After completing the project, Energy Focus redesigned its general area lighting for lower cost and put out the LED HazGlobe for hazardous areas, as well as explosion-proof globe lights. The floodlight also evolved into a similar commercial product for use in hazardous areas. “It’s not the same form factor or performance as the Stennis floodlights, but it’s the same application,” says Brian Danison, the company’s director of engineering. “People wanted that product, and since we had the experience it wasn’t a huge leap.”
Meanwhile, the original eight LED floodlights have been installed in Stennis’ A-1 test stand, where engines planned for NASA’s Space Launch System have been tested in recent years, and 16 general area LED lights illuminate the center’s E Complex, which is used for testing developmental rocket engine components.
Energy Focus’s LED floodlights produce the same amount of light as their 1,000-watt metal halide predecessors but use less than 300 watts, Stanley says. “We actually have a whiter, cleaner light and a 70 percent reduction in energy.”
Davenport notes that LEDs can be tailored to emit light across the visible spectrum, making them more accurate for scientific imaging purposes and safer for human lighting. LED light resolves fluorescent lighting’s issues of flicker and poor light quality.
LED technology now benefits the company’s other customers. “The Intellitube now has almost twice the efficiency of the first Intellitube we made for the Navy, and part of that was getting the thermals right, so NASA played a role in that,” Davenport says, referring to one of the company’s most popular products.

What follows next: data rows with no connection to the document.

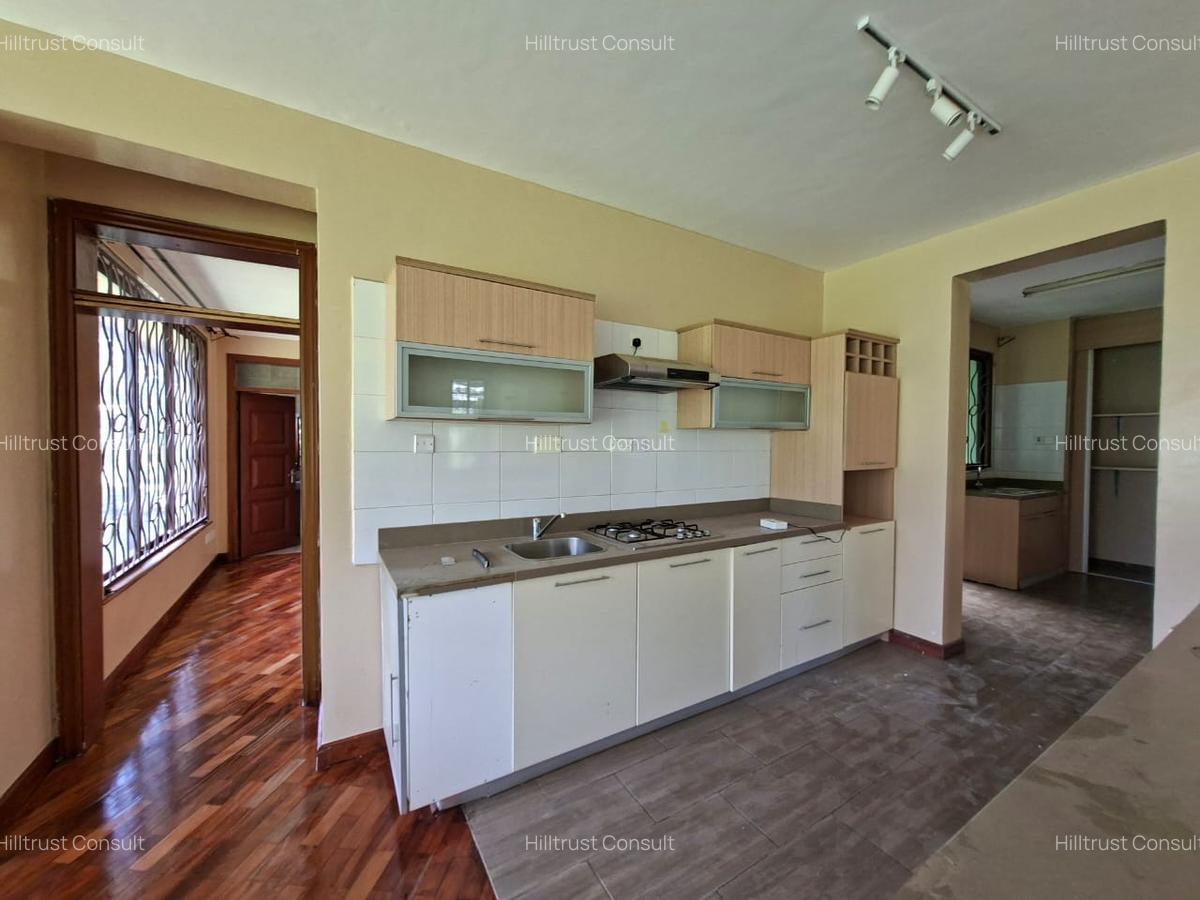 4 Bed Townhouse with En Suite in Ridgeways - 10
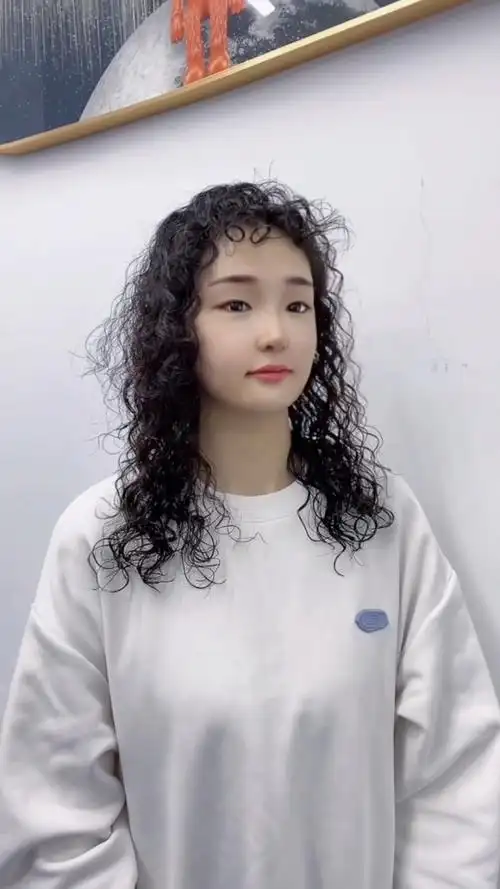 适合风格:甜美乖巧,羊毛卷泡面头,适合头发少细软发质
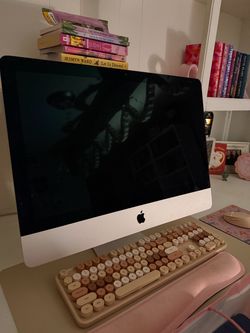 Apple iMac Desktop Computer - 2015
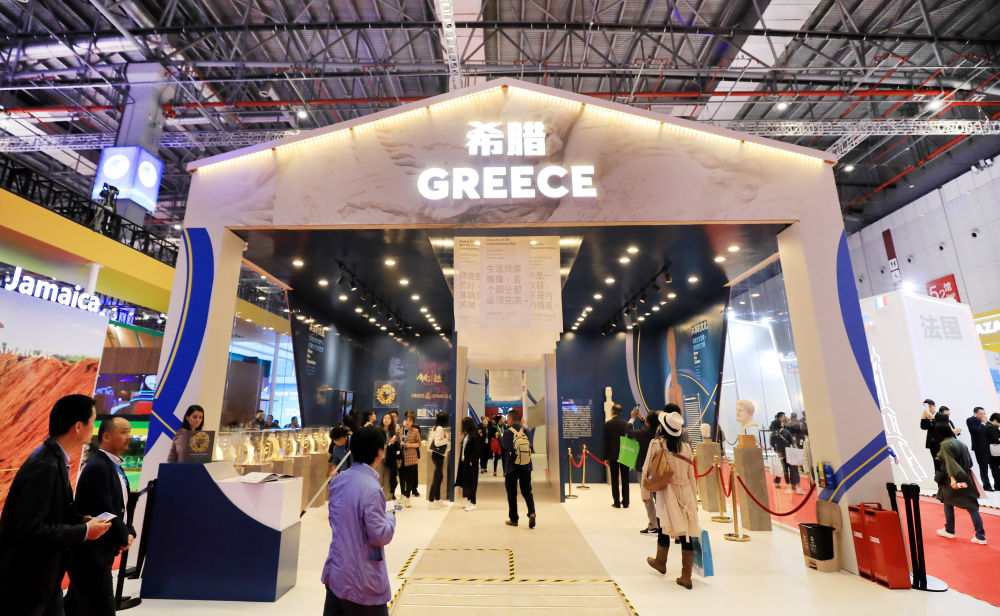 ▲希腊是第二届进博会15个主宾国之一。希腊总理米佐塔基斯率68家希腊企业参加本届进博会。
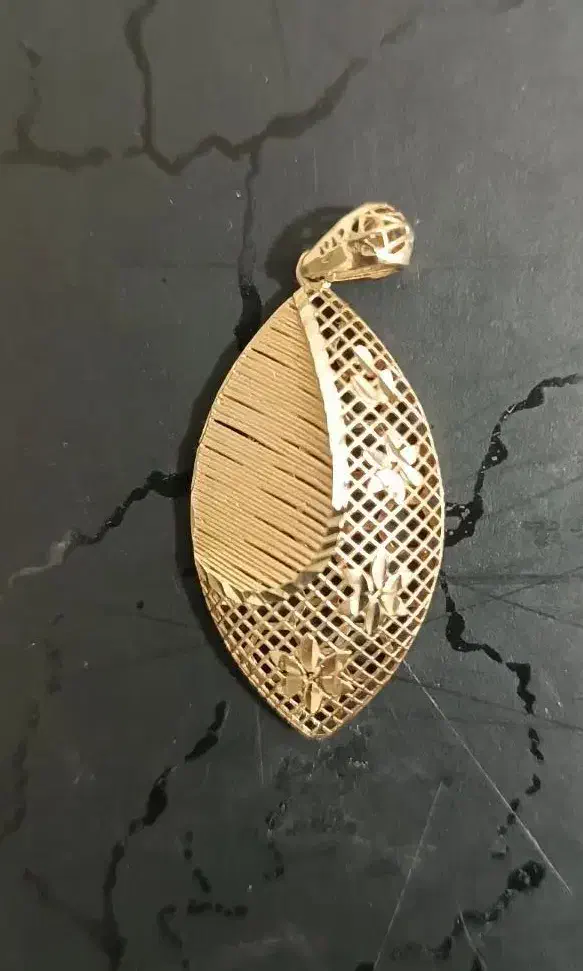 زنجیر و پلاک و گوشواره|جواهرات|کوه چنار, |دیوار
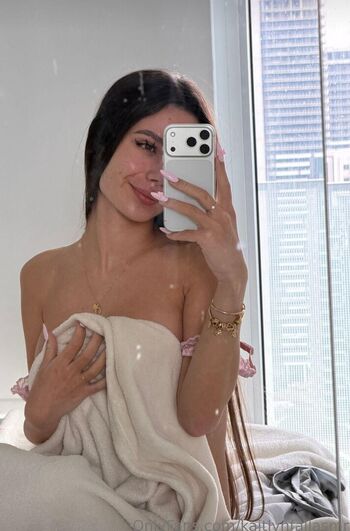 Full leaked Quurbi asmr private onlyfans photo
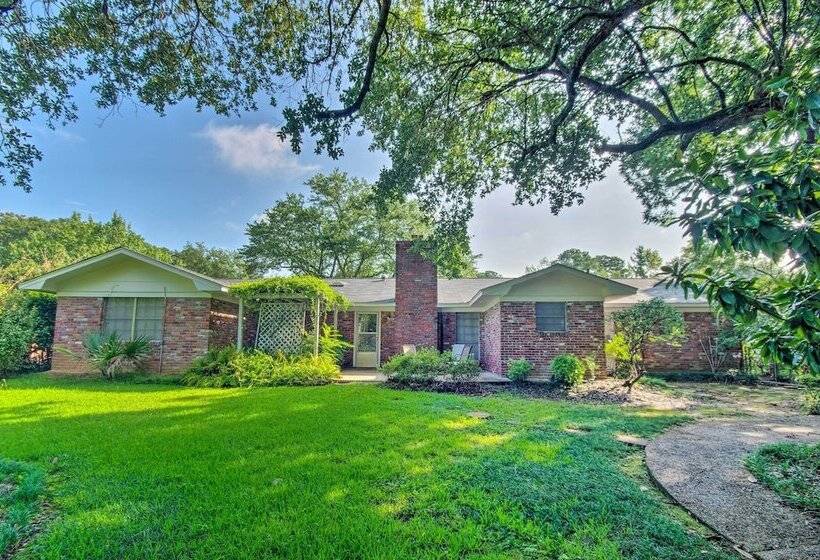 Family Friendly Jackson Home W/ Yard + Patio!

But the biggest benefit, also partly resulting from better temperature management, is the products’ lifespan, Danison says. While a fluorescent bulb, for example, needs to be changed every few years depending on use, Energy Focus became the first company to offer an unqualified 10-year warranty on its lights.
The hazardous area lights, given their application, carry a five-year warranty. These are being used in oil rigs, paint spray booths, elevator shafts, grain and steel mills, and munitions areas, among other uses.
About 60 percent of Energy Focus’ business is with the military—particularly the Navy—with the rest coming from the commercial market, Danison says. He notes that the company recently replaced 78 units of 70-pound, 1,000-watt metal halide lights on the USS George Washington aircraft carrier with 24-pound, 250-watt lamps.
Energy Focus has retrofitted approximately 450,000 LED tubes across the fleet and on every surface ship in the Navy. In addition to light energy savings, there are also tangible cooling energy savings. Danison notes that a ship lit with LEDs likely dedicates less fuel to cooling because the lights generate less heat than the old fluorescent technology. And because of their long lifespan, a destroyer that had a maintenance crew of 24 sailors dedicated to replacing its 3,800 fluorescent lights is now down to a team of four, he says.
Davenport notes that an aircraft bearing factory not far from Energy Focus headquarters swapped out its old fluorescent lighting for the company’s LEDs in August 2010 and has experienced less than a 1 percent failure rate while enjoying a sharp reduction in headaches among employees. “You would have to fight them to take those LEDs out,” he says.
For all these reasons, Stanley says, “this is where lighting in general is going. We’re getting away from Thomas Edison technology, and we’re moving toward LEDs.”
Davenport notes that it was early Government funding that advanced energy-saving LED technology, making possible a shift from legacy fluorescent lighting. “Having R&D help when you’re in the formative stage, I can’t tell you how important that is,” he says. “These programs, like the [Small Business Innovation Research contracts] NASA and the Navy offer, they have tremendous benefit, tremendous payback.”